Required action:
Set down the entries exactly as they appear, apart from the images, which stay out.

Entries supplied:

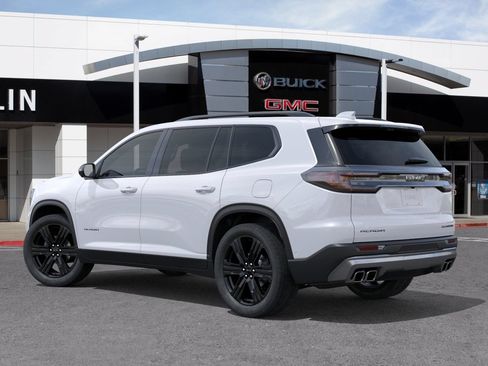 New 2026 GMC Acadia Elevation w/ Black Edition FWD image 5
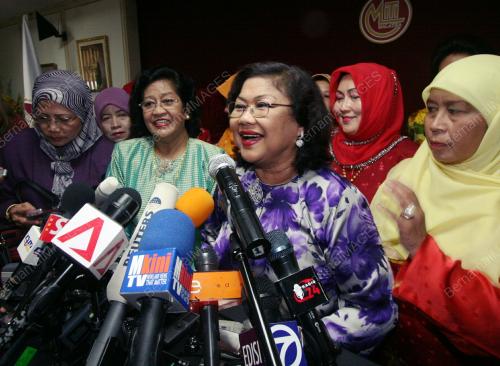RAFIDAH AZIZ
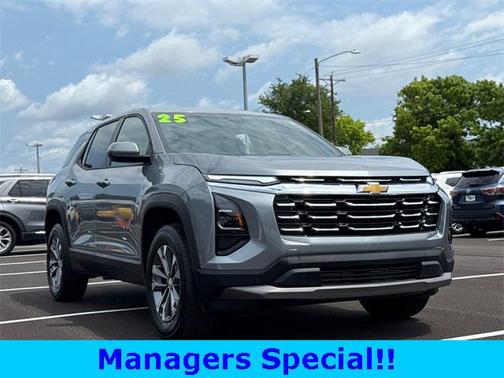 2025 Chevrolet Equinox 1LT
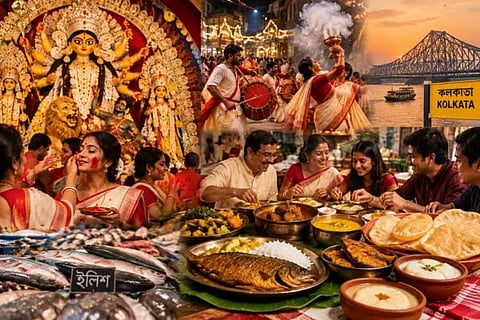 Durga Puja | ದುರ್ಗಾಪೂಜೆಯಲ್ಲಿ ಬಂಗಾಳಿಗಳು ಮೀನು-ಮಾಂಸ ತಿನ್ನುವುದೇಕೆ...? 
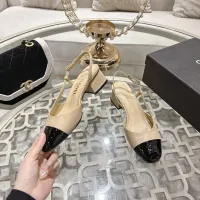 Cheap Chanel Sandal For Women #1409291 Replica Wholesale [$100.00 USD] [ITEM#1409291] on Replica Chanel Sandal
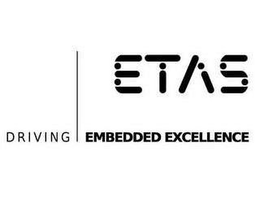ETAS DRIVING EMBEDDED EXCELLENCE trademark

Solution to this task:
 New 2026 GMC Acadia Elevation w/ Black Edition FWD image 5
RAFIDAH AZIZ
 2025 Chevrolet Equinox 1LT
 Durga Puja | ದುರ್ಗಾಪೂಜೆಯಲ್ಲಿ ಬಂಗಾಳಿಗಳು ಮೀನು-ಮಾಂಸ ತಿನ್ನುವುದೇಕೆ...? 
 Cheap Chanel Sandal For Women #1409291 Replica Wholesale [$100.00 USD] [ITEM#1409291] on Replica Chanel Sandal
ETAS DRIVING EMBEDDED EXCELLENCE trademark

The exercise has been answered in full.